Except for improvements in quality and dimensions, the evolution of photography has not had much room for innovation in the last century. For this reason, a technology firm set out to revolutionize the imaging market through an artificial intelligence (AI) process to convert any two-dimensional photo into 3D.
And although it is currently not too complicated to achieve a 3D photo with a specialized camera – such as those used to create virtual reality environments – the results leave much to be desired if professional equipment is not used.
The first time a snapshot was taken 75 years ago with a Polaroid camera, it managed to “capture the 3D world in a realistic 2D image,” as NVIDIA recalled in a statement. Now, the company boasts of achieving just the opposite: “Turn a collection of photographs into a 3D scene in seconds”.
It was thus that the expert firm in graphic plates presented a new technology called Instant Neural Radiance Field (NeRF) that trains AI algorithms to create 3D objects from two-dimensional photos.
Known as “reverse rendering,” the process uses AI to “approximate the way light behaves in the real world by allowing researchers to reconstruct a 3D scene from a handful of 2D images taken from different angles.”

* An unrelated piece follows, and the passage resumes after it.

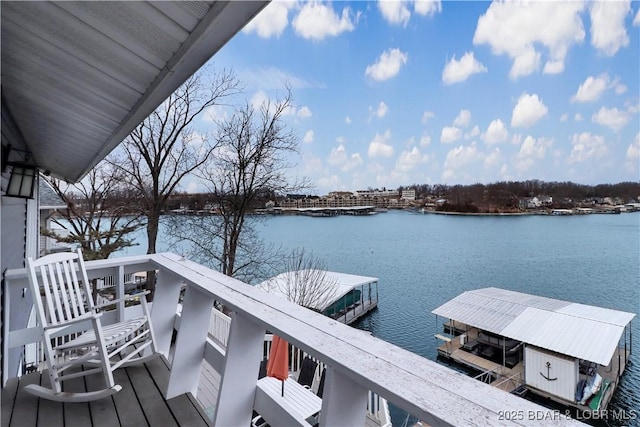 dock area with a water view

The neural network fills in the blank spaces of the 360-degree panorama and predicts the color of light emanating from any direction, from any point in 3D space, for more realistic results. Nvidia says that this technique works on some kind of occlusion.
In the video provided by the company, it can be seen how four photos taken from different points of view merge into a three-dimensional image.

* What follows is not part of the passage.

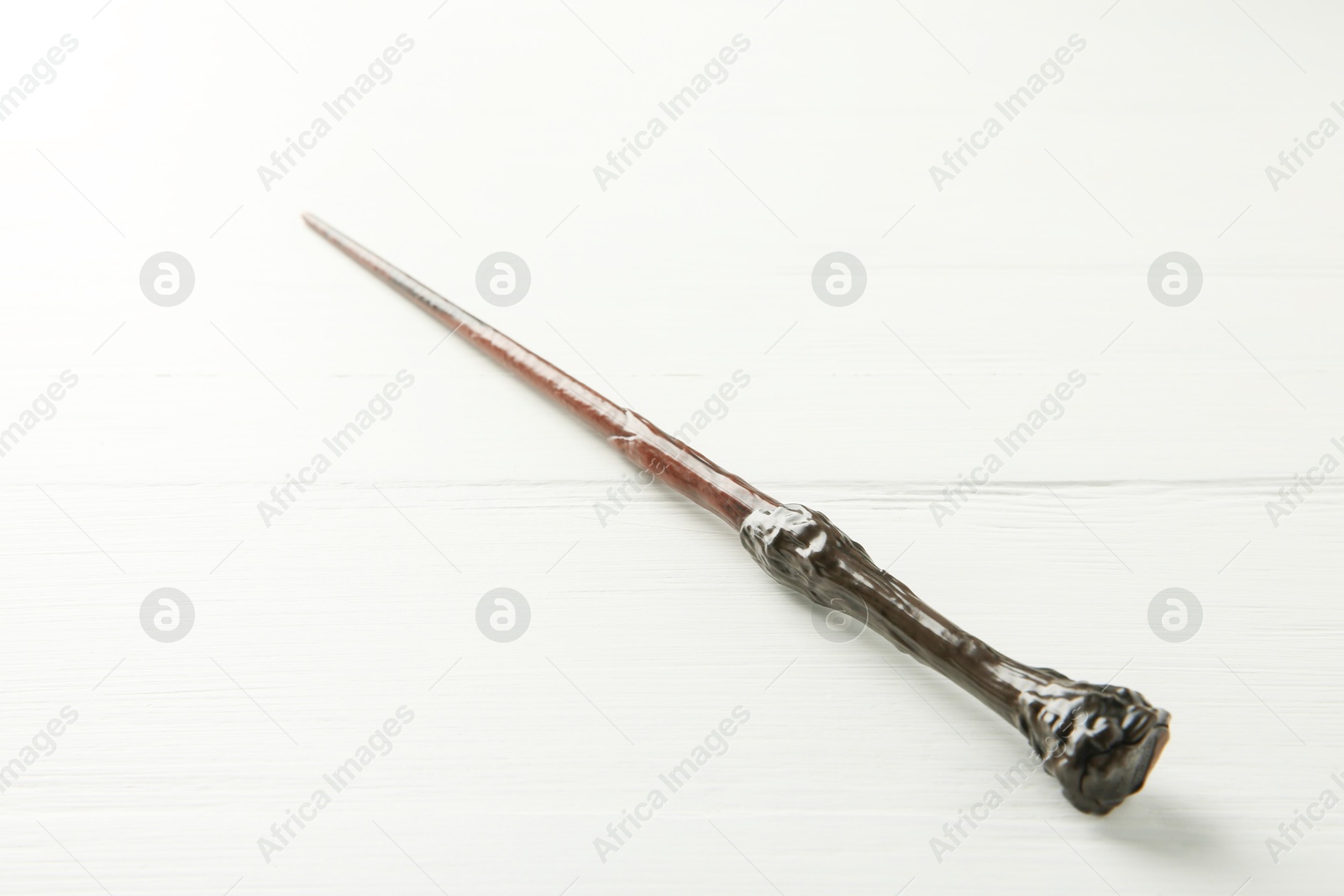 Photo of One old magic wand on white wooden table, closeup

Instant NeRF uses deep learning techniques and opens the door for anyone with relatively affordable equipment to achieve a 3D image almost instantly. This makes it quite easy to create content for virtual environments. Although this is only one of the possible things that this technology allows.
Possible uses of NeRF
Instant NeRF could be used for train robots and autonomous cars to understand the size and shape of real-world objects. For this, the capture of 2D images or video sequences would be used. It could also be harnessed in architecture and entertainment to rapidly generate digital representations of real environments that creators can modify and build.

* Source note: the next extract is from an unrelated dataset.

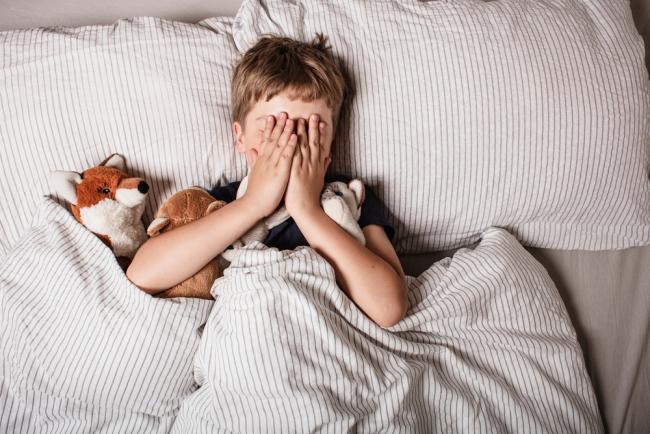 A young boy covers his face with his hands at bedtime.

As the company has defended, it is “the fastest to date”. “The model requires just a few seconds to train on a few dozen still photos, plus data about the camera angles they were taken from, and can then render the resulting 3D scene in tens of milliseconds,” speeding up the process by 1000x. .
The company explains about this process that “in a scene that includes people or other moving elements, the faster the photos, the better.” In this sense, if there is too much mobility during the 2D capture process, the 3D scene generated by the AI “will be blurry”.